The new tactic worked. The Scots tore into the British ranks and inflicted heavy casualties, but were thrown back everywhere. The British second line moved out and around the Jacobite flanks, pouring disciplined drumroll musket fire into the tartan mob. The Scots finally broke, fleeing for their lives. Discipline had defeated valor, and the British came after them. As Charlie’s army shattered, the British pursuit turned horrid. The order was “no quarter” – no Highland prisoners taken. The last regiment remaining on the field were the French regulars, who held off the British for a few moments. Though Charlie tried to lead a final charge to the death, yelling “They won’t take me alive!” he was quickly bundled off by his supporters. The Battle of Culloden was over, and those Highlanders who didn’t run were slaughtered.
Charlie’s campaign had collapsed, and while he managed to escape to the Isles his forces were hunted down. The Scottish clans began to lay down their arms after several more hopeless fights. By September, Charlie had to catch a ship to France to ask for more troops and money. He would never return to Scotland, and the Stuart dynasty never again posed a threat.

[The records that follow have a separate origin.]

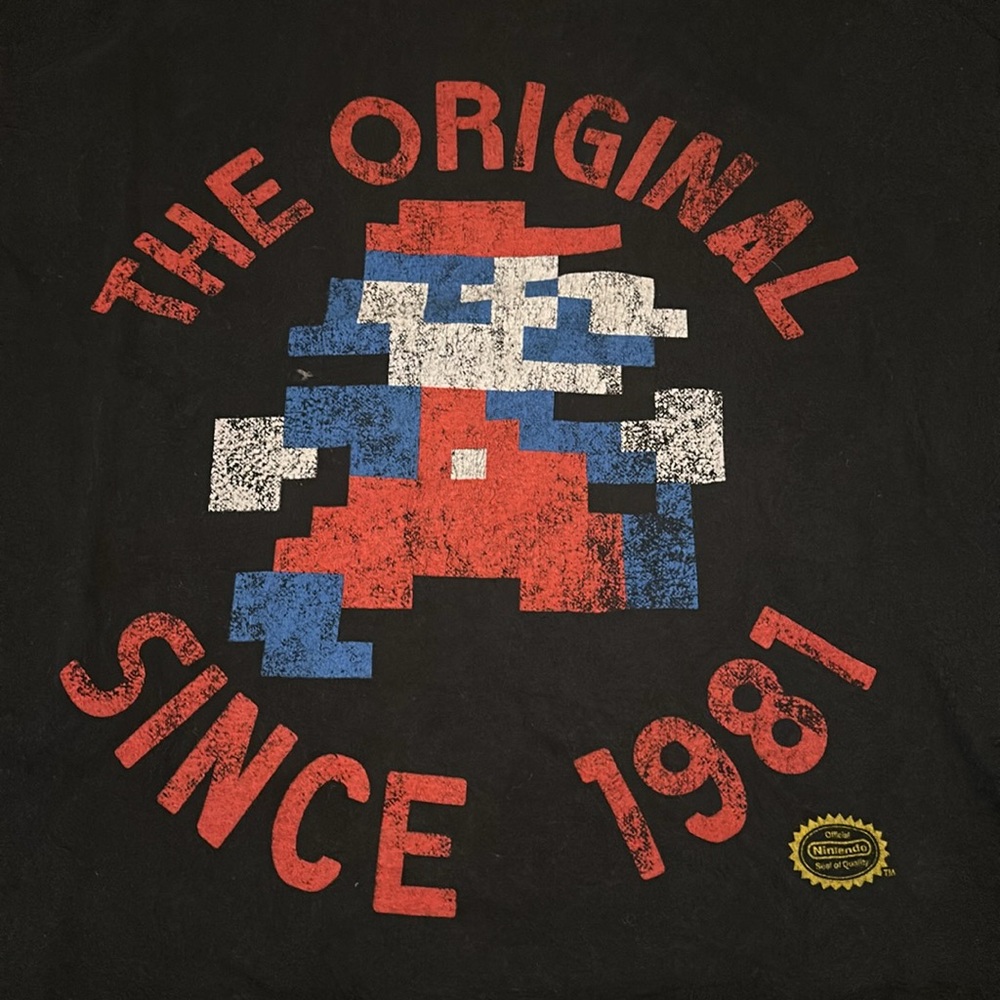 Rare Vintage Super Mario T-shirt by Nintendo - Picture 3 of 6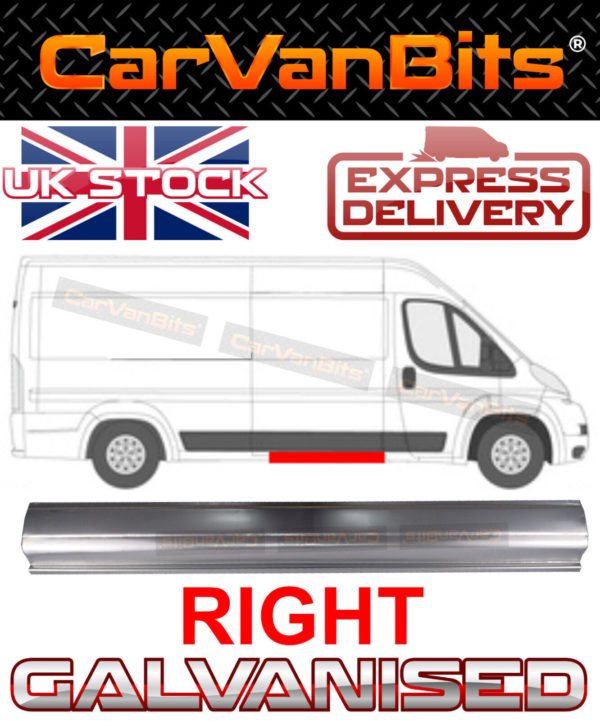 For Fiat Ducato Boxer Relay Jumper 2006 Side Body Repair Outer Panel Sill Right 374185775105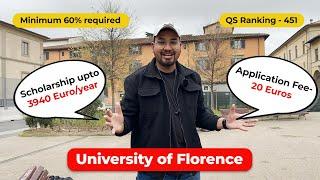 UNIVERSITY OF FLORENCE ! ADMISSION ! TUITION FEE ! SCHOLARSHIP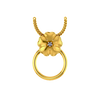 22K Floral Themed Gold Pendant Design 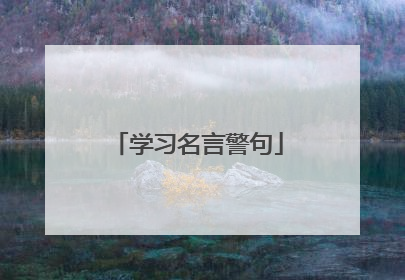 学习名言警句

Cumberland became a hero in England for defeating the ’45, but to the Highlanders he would become “Butcher Cumberland.” His men took no prisoners at Culloden, and for the next several months criss-crossed the Highlands in pursuit of Charlie and the missing clan leaders. The infantry killed any rebels they found, with arms or not, and took prisoner any who voiced support. Hundreds of Scots were “transported” to the Thirteen Colonies to be sold as indentured servants, including my distant ancestor James Collie. New Acts of Parliament banned the wearing of Highland dress and the playing of bagpipes, and the power of Highland lords was completely broken. The harrying of the North had reduced the Scottish way of life, which would only reemerge with severe restriction much later in the century.
This last gasp of Scotland was not a whole-Scotland affair. Most of the Lowland Scots remained loyal – areas like Edinburgh, Glasgow, and Aberdeen stuck to the crown, and many Scots fought in the British Army. The Scots weren’t fighting for independence, but to replace the current king with one they liked better. Nevertheless, the glory days of the Highlanders were over. Never again would they rise against the crown. When the kilt and bagpipes reemerged, they would be in British ranks such as the 42nd Foot (the Black Watch) and the 93rd (Argyll & Sutherland Highlanders). Scotland’s days of military glory from now on would be for the British rather than against them.
Thus ended the last battle fought between armies on British soil, and the last charge of the Highlanders.